Problem description>
Transcribe exactly the lines from the one holding "Teenage Mutant Ninja" through the closing line of the entries below. Pictures stay out of the copy.
--- Data records ---
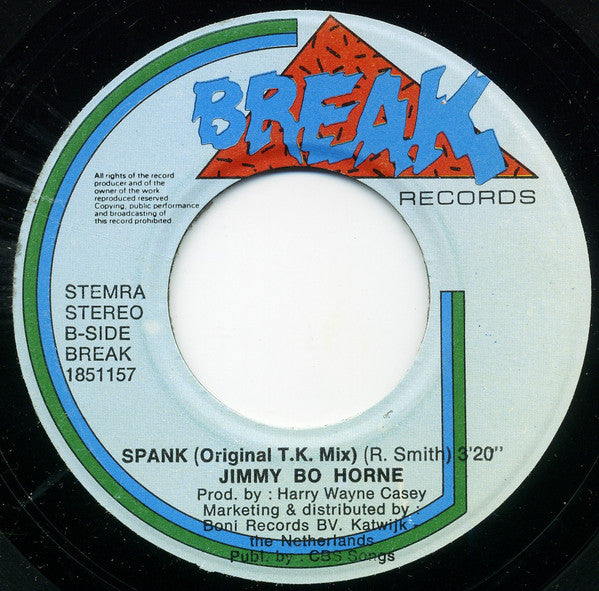 Jimmy Bo Horne* -Spank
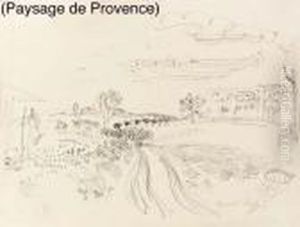 The First: Signed 'raoul Dufy' by Raoul Dufy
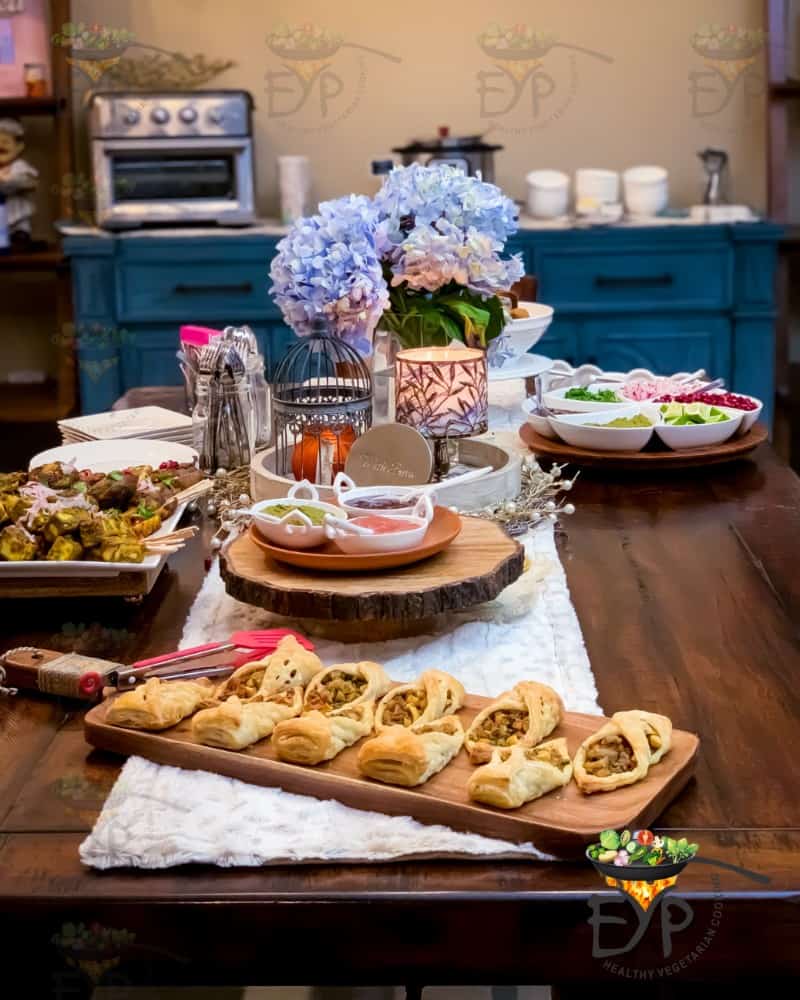 Thanksgiving Table Decor - Appetizers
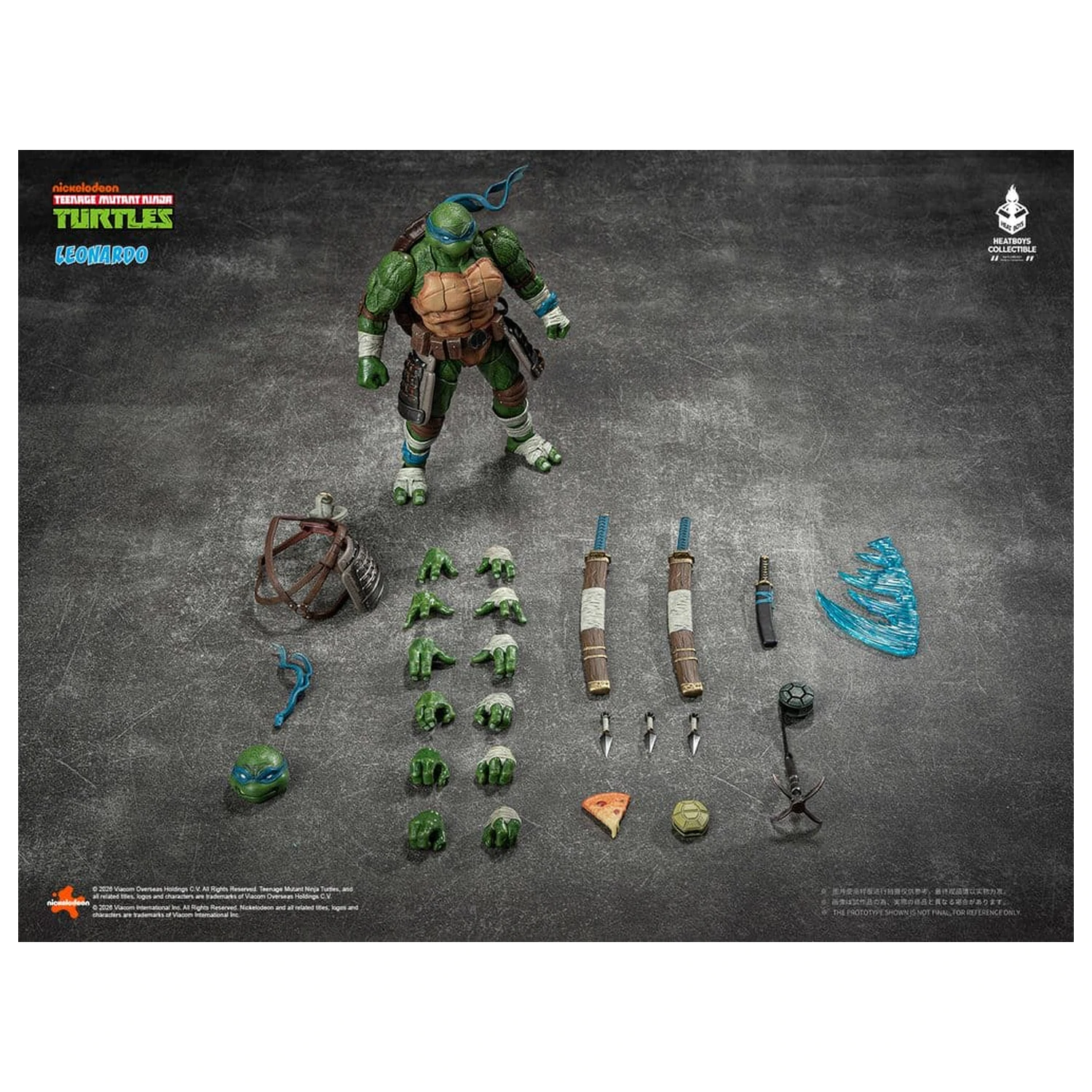 Teenage Mutant Ninja Turtles Figurka Akcji Leonardo Standard Version 20 cm zdjęcie produktu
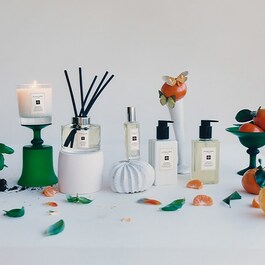 Lime Basil & Mandarin - Home Candle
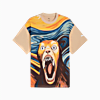 Görüntü Puma Dylan EXHIBIT Erkek Basketbol Tişörtü #6
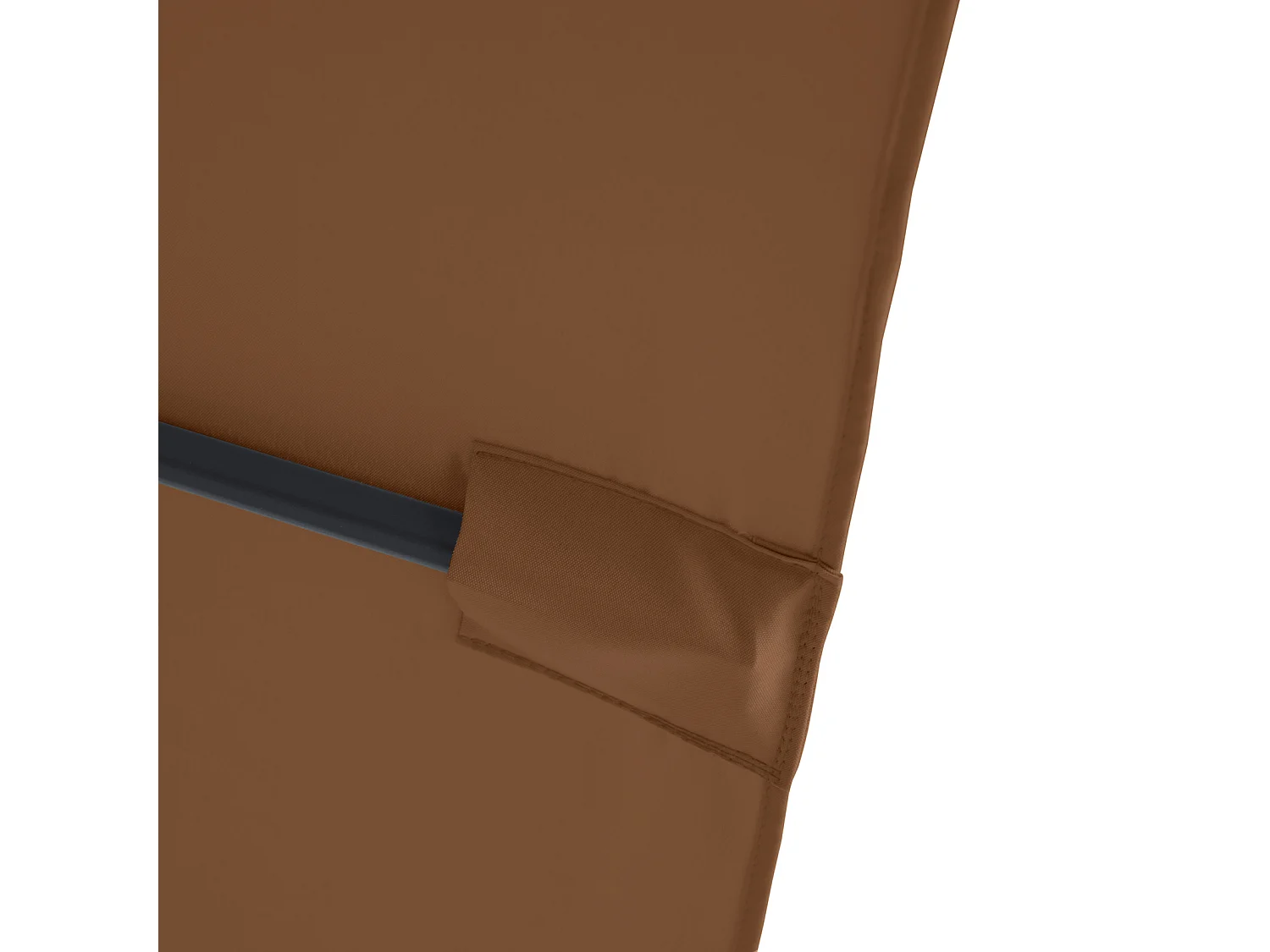 Parasol de balcon rectangulaire avec Housse de protection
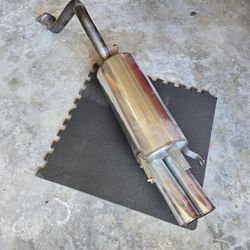 Racing Beat Power Pulse Muffler FB RX-7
---
Response>
 Teenage Mutant Ninja Turtles Figurka Akcji Leonardo Standard Version 20 cm zdjęcie produktu
 Lime Basil & Mandarin - Home Candle
 Görüntü Puma Dylan EXHIBIT Erkek Basketbol Tişörtü #6
 Parasol de balcon rectangulaire avec Housse de protection
 Racing Beat Power Pulse Muffler FB RX-7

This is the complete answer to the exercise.